I later realized, however, that as noble as my outrage may sound, they reason I even noticed was this: In my subconscious, I was just surprised that the hungry people aren't mostly Hispanic and black. Those are the poor people aren't they?
So apparently I'm the racist here.
May 12, 2008
Defining Childhood Moment #18
In November 1996, I was a public elementary school student learning to be a good United States citizen by having a mock presidential election. We learned tidbits about Bill Clinton and Bob Dole and then went into the little booths and selected who we wanted to be president of our great nation.

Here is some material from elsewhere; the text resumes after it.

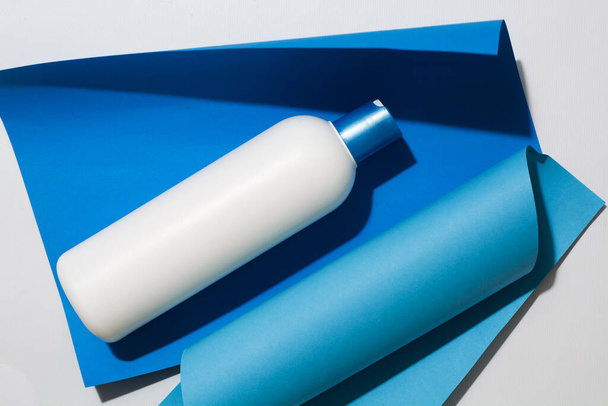 Frasco de plástico branco, recipiente para shampoo e cosméticos líquidos em fundo azul brilhante
. - Foto, Imagem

I proudly came home and told my parents that I had voted for Clinton. They told me they had voted for Dole and gave a little speech that was essentially about Republicans being better than Democrats. My parents probably don't remember giving this speech, but it was important to me. It was the first time I recall seriously thinking about politics. I learned that there were people who live solely off the government ("So paying taxes is kind of like fast offerings, that isn't bad is it?"); I learned that there are people who kill their babies before they are born ("There's no way that's legal; it's too sad."); I learned that there are people given jobs or college entrance because they were a race that was needed to meet quotas ("I didn't know anyone was racist anymore..."); I learned that there were males who wanted to marry males and females who wanted to marry females ("I don't know anyone like that, are you sure?"); I learned that some people want drug laws to be more lax ("But everyone knows drugs are bad, right?"). All sorts of things that I had never thought about before.

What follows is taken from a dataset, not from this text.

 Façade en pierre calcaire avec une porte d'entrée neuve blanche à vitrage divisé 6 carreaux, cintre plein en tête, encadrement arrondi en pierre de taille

As my parents are fair people and rarely speak ill of anyone, I don't think this speech was as harsh as I remember it, but it seemed to me at the time that people who vote Democrat are bad people. I was ashamed. I also wondered about the prospects for eternal salvation for the next door neighbors who had an anti-Dole poster on their house. My parents had assured me that they were good people even though the mother was Jewish and the father was Unitarian or something and they didn't go to church much, so I knew they must have something going for them, but perhaps being Democrats would push them over the edge into the category of bad people.
Years down the road, the feelings of shame turned to feelings of pride. I had chosen on my own and gone against my own upbringing to choose who I personally thought was the best candidate. I was in elementary school and already establishing myself as a liberal thinker. Hooray for me!

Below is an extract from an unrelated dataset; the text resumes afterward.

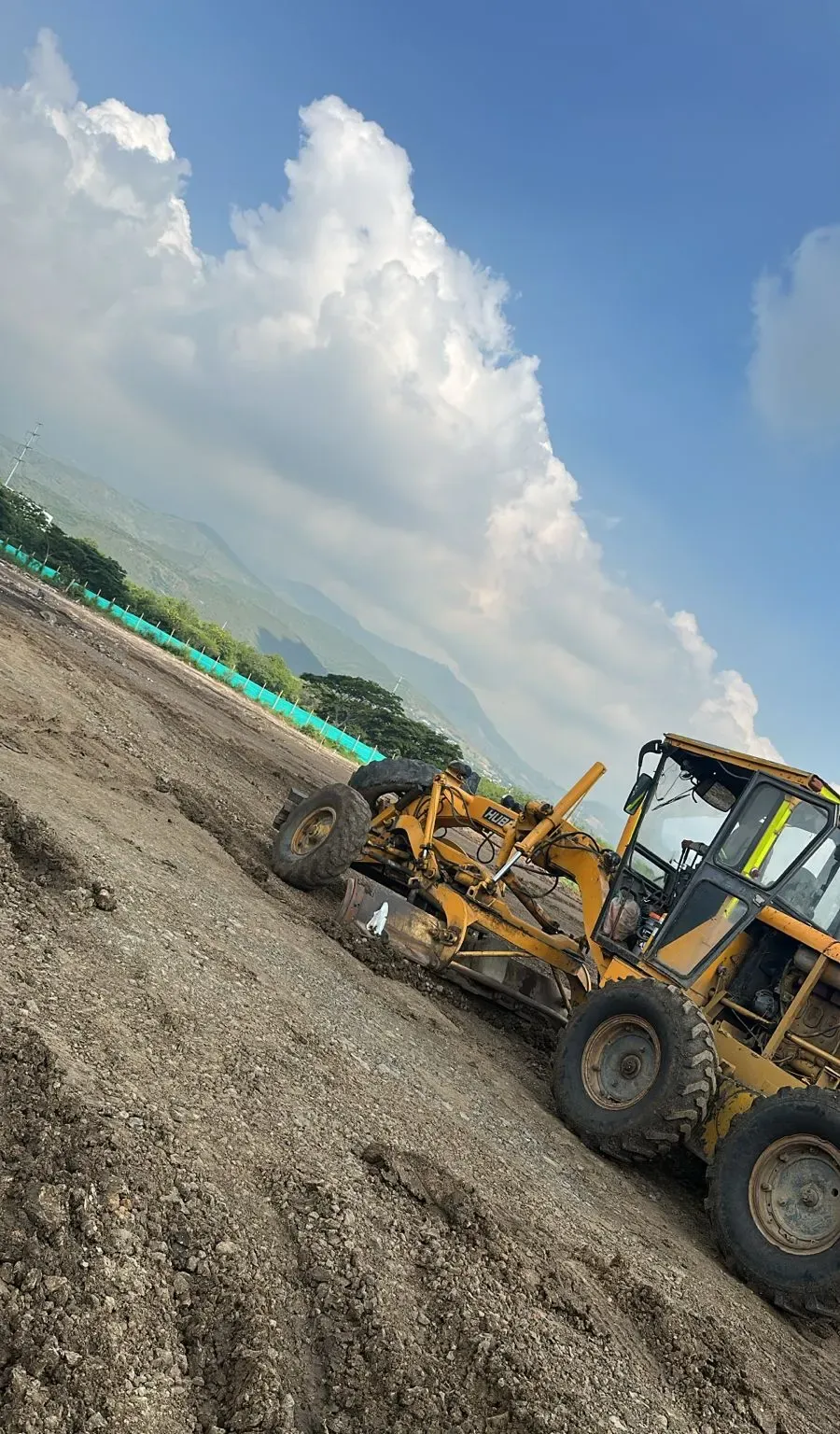 Motoniveladora conformando el terreno de un lote en proceso de nivelación.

But when I think about it seriously, I'm not kidding anyone. The reasons I remember picking Clinton over Dole are as follows:
1) He was the incumbent. I had seen President Clinton on TV several times while Dole was just some guy that I hadn't heard of until a few days before the election. I knew life was good at the time, and assumed that Clinton had something to do with that, so I didn't mind keeping him around.
2) I couldn't disassociate Bob Dole from Dole pineapples and one of the girls in our ballet carpool had once spilled Dole pineapple juice on the way to class and it was sticky and the back seat of the station wagon smelled really gross for a long time afterward. (I still can't drink pineapple juice, even though I have returned to my love of pineapple in general.) I could never vote for the horrible-smelling back seat of the station wagon.